But as of April 2022 (after it was delayed a year), this system will change – no longer providing a way for people to avoid charges through behaviours such as load shifting or on-site and embedded generation.
Ofgem’s aim is to create a level playing field between flexible users that are able to reduce consumption during peak periods and those with a lack of flexibility who are currently left paying a higher price. They also propose to remove perceived cross-subsidies from Embedded Benefits to other less flexible customers.
There are many good reasons for doing this – not least because this will create more predictability on the grid as power generation is evened out, helping it to become more stable, efficient and sustainable; at the same time, it’s a very different way of operating which the industry will have to quickly adapt to – and big industrial energy users may rack up millions more in energy bills as a result.

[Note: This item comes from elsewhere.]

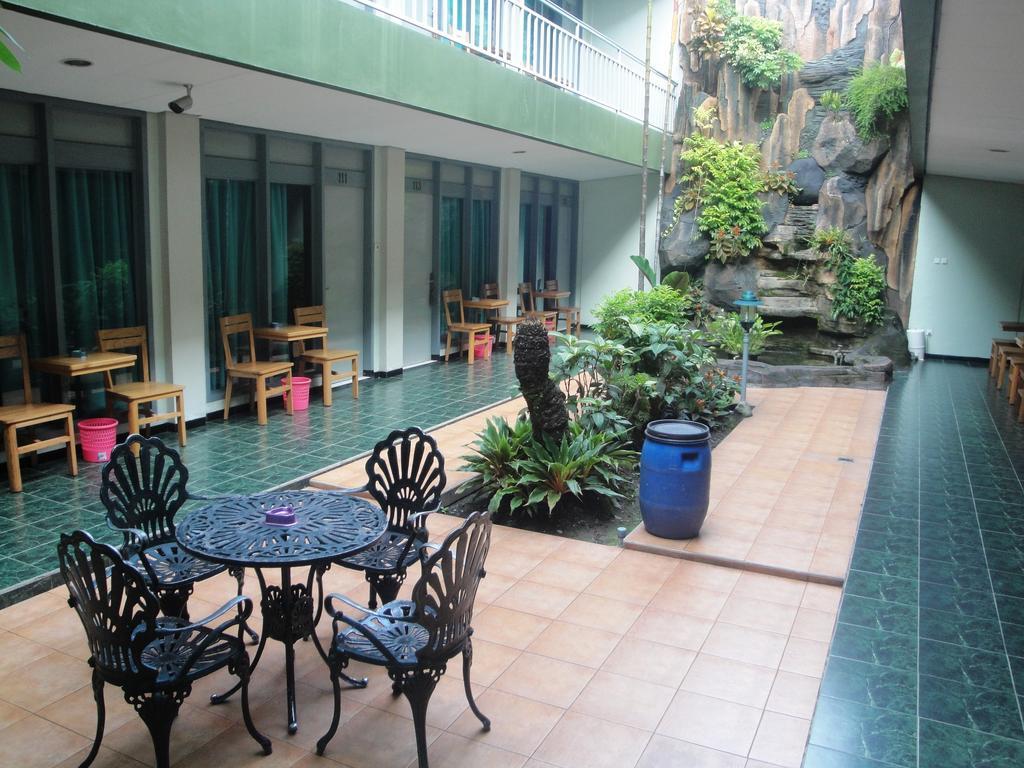 Hotel Trio Surakarta  Exterior photo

But there is some good news. Whereas it is unlikely to yield the kinds of cash that cost avoidance did, it can go some way to easing the blow.
The asset that you used to avoid a cost is highly likely to be able to be utilised in the flexibility market. By shifting the way we see our onsite energy generation so that it becomes a source of revenue, we can go some way to recouping some of the money that we will have to pay with the new charges by making the most of the Flexible Energy Assets already in our hands.

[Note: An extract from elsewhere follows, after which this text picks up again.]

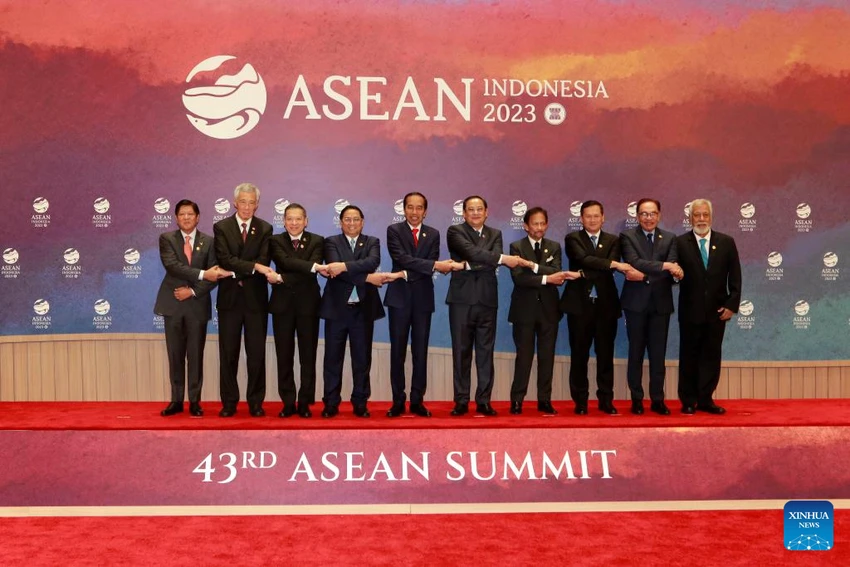 Lãnh đạo các nước ASEAN tham dự Hội nghị cấp cao ASEAN lần thứ 43 tại Indonesia ngày 5-9. ẢNh: TÂN HOA XÃ Lãnh đạo các nước ASEAN tham dự Hội nghị cấp cao ASEAN lần thứ 43 tại Indonesia ngày 5-9. ẢNh: TÂN HOA XÃ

Our energy flexibility platform, Kiwi Core, helps you generate revenue by giving you access to multiple markets in which to sell the energy that you generate – both on a national scale through the various Ancillary Markets or locally through distribution managed constraint markets. It all sounds very complex, but we make it easy to choose the right option by simplifying participation so anyone can do it, whilst ensuring you’re operating at a level of risk that is comfortable for you and making the most revenue possible.

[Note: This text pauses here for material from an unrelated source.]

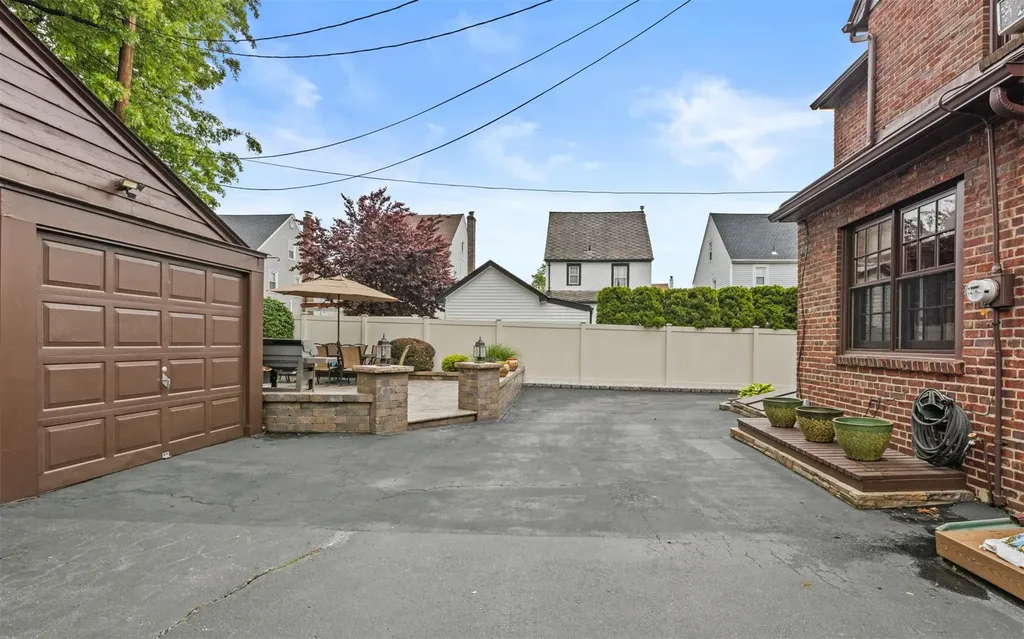 306 Buchanan Avenue Mineola NY 11501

Of course, demand management won’t disappear. You can still save money by turning off your power; and coupled with the reduction in decentralized generation as coal plants are decommissioned, and the increase in intermittent renewable sources, there is an increased need for real-time balancing of supply and demand on energy networks. We can help you support this move to a renewable network by enabling you to sell power to the markets when it is needed, helping to even out that intermittency.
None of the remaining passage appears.